Ormai è fatta. Non ci resta che scendere fino al bivacco e poi, dopo le foto di rito e un pò di meritato riposo, pensare a ritornare per dove siamo venuti, percorrendo la Ferrata Roghel a ritroso. Ma... Un pensiero folle ci gira nella testa. E' la vista della enorme parete sude del Monte Giralba di Sotto che ce l'ha fatta venire. Su quella parete infatti, e da qui si vede benissimo, lcorre il sentiero attrezzato della Cengia Gabriella, il lungo e abbastanza misterioso itinerario che porta dal bivacco Battaglion Cadore al Rifugio Carducci. Ci guardiamo.. guardiamo il cielo per vedere se minaccia pioggia, controlliamo l'ora: sono le 12. Allora? Tempo ci sarebbe. L'auto? Torneremo a prenderla domani al Lunelli. E all'arrivo? Telefoneremo dal Carducci agli amici della Pensione in modo che qualcuno venga a prenderci in Val Fiscalina. E' deciso! Faremo la Cengia Gabriella.
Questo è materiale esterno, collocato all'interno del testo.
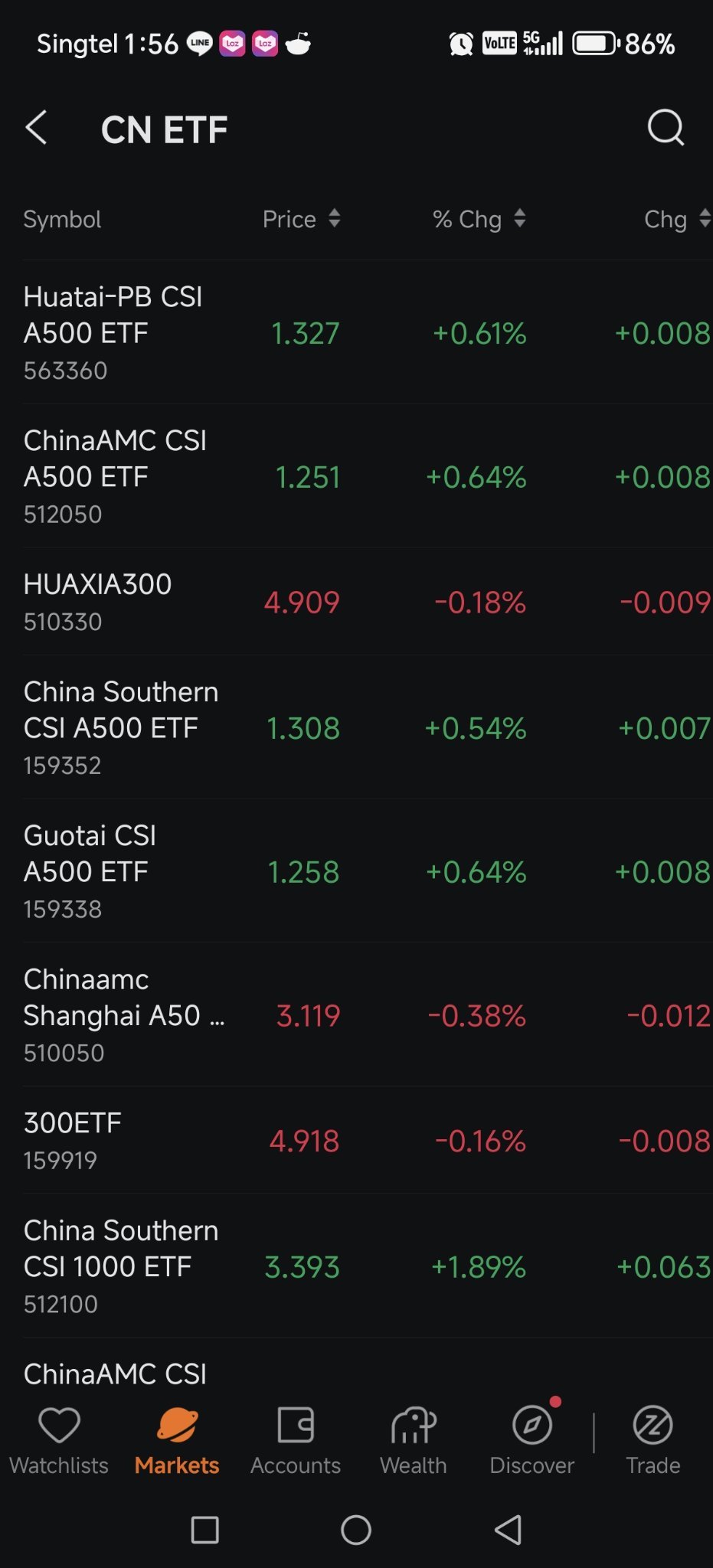 骗局？为什么其他CSI A500都涨了，就这个新加坡的没涨？ - moomoo 社区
Col cuore in gola, pregando che non si mettesse a piovere scendiamo, attaccati alla corda metallica per la parete leggermente innevata puntando al bivacco, poi, circa 200 metri prima di arrivarci, un segnavia ci indica la deviazione per collegarci al sentiero attrezzato. Siamo allenati, felici, consapevoli. Foto di rito per ricordare il luogo, il momento, e poi ci avventuriamo lungo la cengia.
Il percorso è lungo, inizialmente pianeggiante. Poi inizia la leggera salita che ci porta ad uno dei passaggi più famosi del nostro itinerario: il Passaggio del Gatto. Bisogna infatti accucciarsi per passare dall'altra parte di una quinta di roccia così bassa che non permette di restare eretti. Tutto bene. Poi, arriva la parte più difficile del percorso: una salita in diagonale lungo per una lunga china erbosa assai esposta e senza appigli artificiali. Si sale aggrappandosi ai ciuffi d'erba, col petto schiacciato aderente alla montagna, senza osare guardarsi indietro... Poi, alla fine, vediamo che il sentiero termina su una secie di terrazzino stretto ed aereo. Qui ci ricompattiamo: davanti a noi il panorama è sublime. Ci sono le Marmarole, l'Antelao, il Monte Civetta e tutte le vette dolomitiche più famose. E c'è anche la possente costola est della Croda dei Toni e, accostato a quella soprattutto c'è, in basso, lontano ma riconoscibile, l'agognato Rifugio Carducci! Via via. Mi aggrappo alla corda metallica (le attrezzature sono ricomparse, finalmente) e scendo lungo la parete rocciosa finoad imbucare uno stretto e innevato piccolo canale che mi porta in basso, in basso, ... troppo in basso! Infatti notiamo con sgomento che il sentiero attrezzato non termina davanti al rifugio, ma addirittura alcune centinaia di metri più in basso. Questo vuol dire che dovremo risalire ancora e, dopo 8 ore di arrampicata,il pensiero non ci affascina per niente.
Comunque, alle 19 siamo al Rifugio Carducci. Telefoniamo alla Pensione Hirben dicendo del nostro nuovo percorso. OK: qualcuno verrà a prenderci al Dolomiten, in Val Fiscalina. Noi, dopo un quarto d'ora di meritatissimo riposo ci incamminiamo verso la Forcella Giralba. Il sole sta per andarsene e illumina con il suo ultimo raggio la vetta di Cima Undici ma noi non ci fermiamo a guardare il panorama. Quasi di corsa passiamo davanti al Rifugio Zsigmondy-Comici e, quando già è quasi notte, arriviamo alla Capanna di Fondovalle. Sono le 21 quando arriviamo all'Hotel Dolomiten; gli amici (Lino, Claudio ed altri) sono venuti a prenderci. Arriviamo alla Hirben alle 22! Sorpresa! La Signora Stoll ci ha aspettai e ha riaperto la cucina per farci cenare. Ceniamo in allegria con tutti gli amici che vogliono sapere della nostra impresa ed hanno mille cose da chiedere e noi da racconatre. Ma domani, per favore. Domani quanto volete. Ora, però a letto, a sognare, a rivivere questa indimenticabile giornata.